Description of the task: The result should be the full listing copied exactly, with no pictures in it.

■ ■ ■

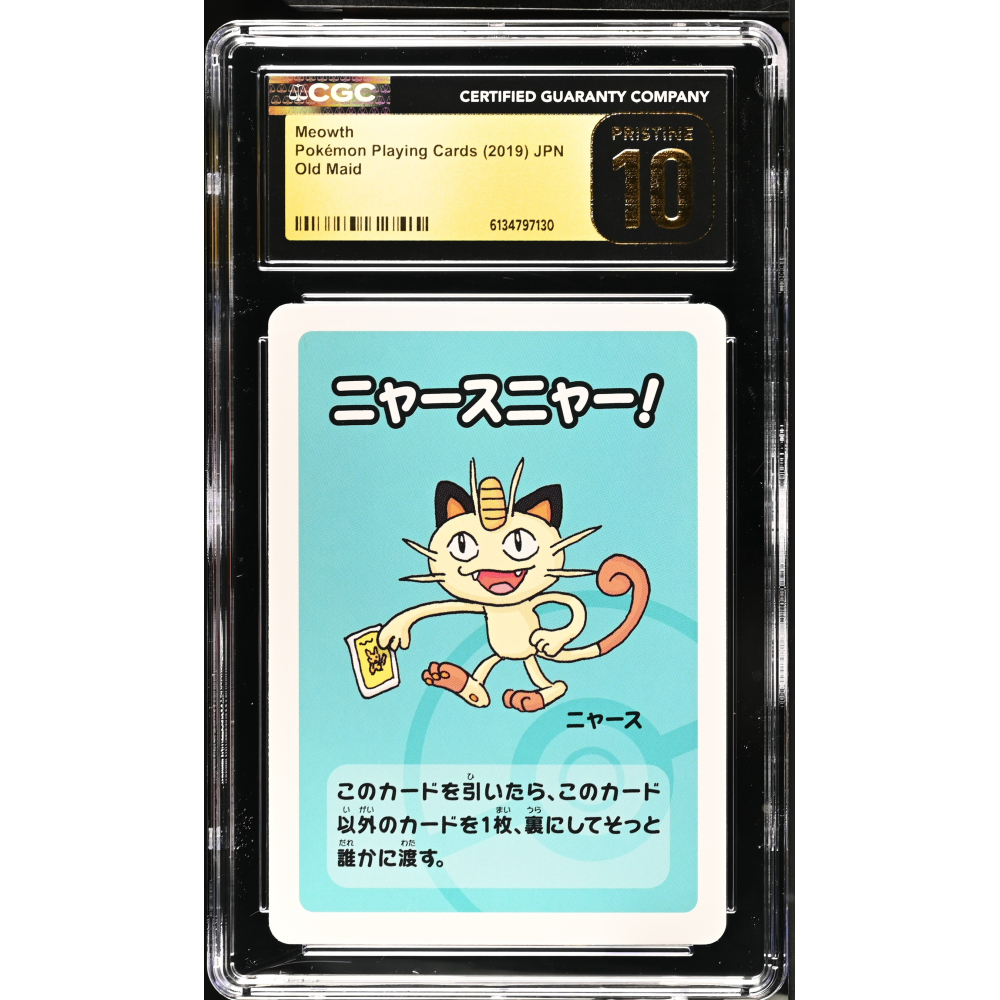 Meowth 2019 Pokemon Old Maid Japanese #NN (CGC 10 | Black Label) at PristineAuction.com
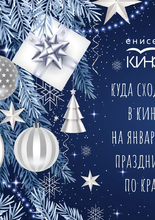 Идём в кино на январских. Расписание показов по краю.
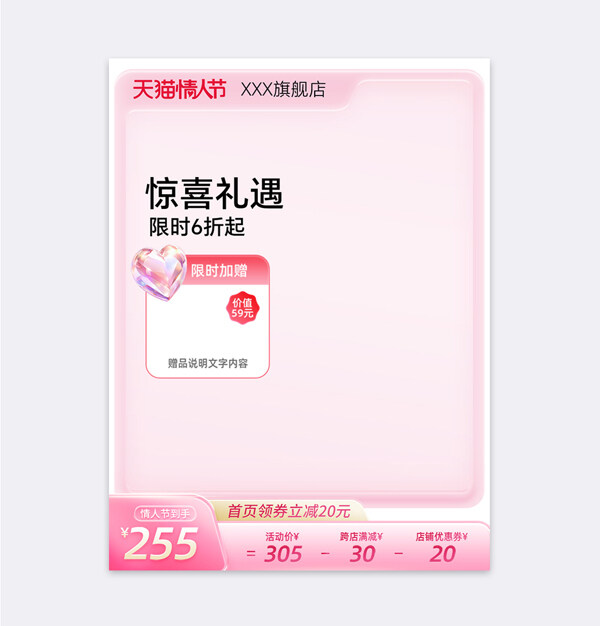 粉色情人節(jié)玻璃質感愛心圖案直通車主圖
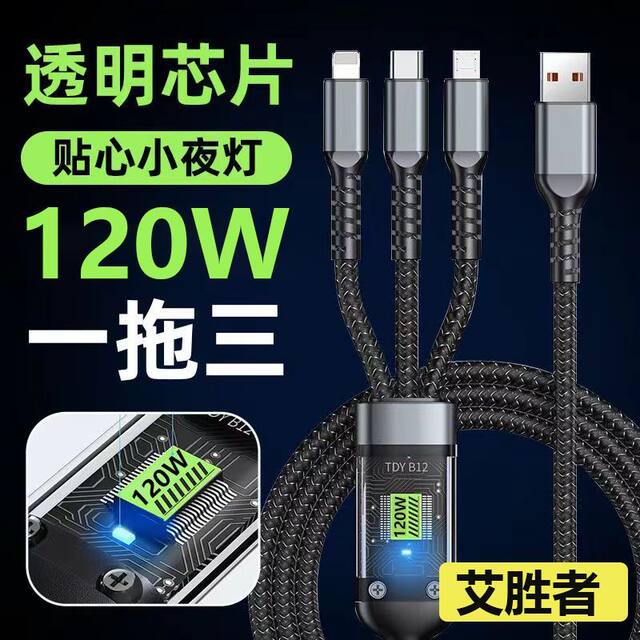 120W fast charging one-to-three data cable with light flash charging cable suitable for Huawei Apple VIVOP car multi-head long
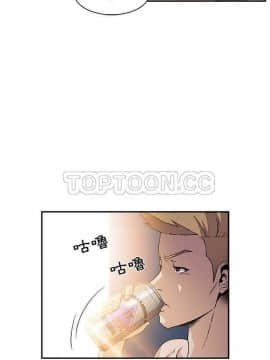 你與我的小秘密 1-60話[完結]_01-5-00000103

■ ■ ■

Final answer:
 Meowth 2019 Pokemon Old Maid Japanese #NN (CGC 10 | Black Label) at PristineAuction.com
 Идём в кино на январских. Расписание показов по краю.
 粉色情人節(jié)玻璃質感愛心圖案直通車主圖
 120W fast charging one-to-three data cable with light flash charging cable suitable for Huawei Apple VIVOP car multi-head long
 你與我的小秘密 1-60話[完結]_01-5-00000103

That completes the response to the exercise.